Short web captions
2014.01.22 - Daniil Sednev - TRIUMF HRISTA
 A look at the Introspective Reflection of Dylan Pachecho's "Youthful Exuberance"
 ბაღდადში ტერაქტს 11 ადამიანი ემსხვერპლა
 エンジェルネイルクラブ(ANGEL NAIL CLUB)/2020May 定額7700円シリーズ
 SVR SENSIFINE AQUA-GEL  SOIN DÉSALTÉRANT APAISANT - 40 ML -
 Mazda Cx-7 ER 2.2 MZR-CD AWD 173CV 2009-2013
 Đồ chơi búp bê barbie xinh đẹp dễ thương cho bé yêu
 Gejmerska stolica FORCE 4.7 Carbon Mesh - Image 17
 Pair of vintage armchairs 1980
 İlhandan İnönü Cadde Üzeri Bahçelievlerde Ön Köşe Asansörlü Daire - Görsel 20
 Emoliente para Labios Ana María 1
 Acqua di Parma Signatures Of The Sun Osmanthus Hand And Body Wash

## Work item
Transcribe only what runs from the line with "İlhandan İnönü Cadde" to the last line above, keeping every line exactly as written.

## Answer to this problem
 İlhandan İnönü Cadde Üzeri Bahçelievlerde Ön Köşe Asansörlü Daire - Görsel 20
 Emoliente para Labios Ana María 1
 Acqua di Parma Signatures Of The Sun Osmanthus Hand And Body Wash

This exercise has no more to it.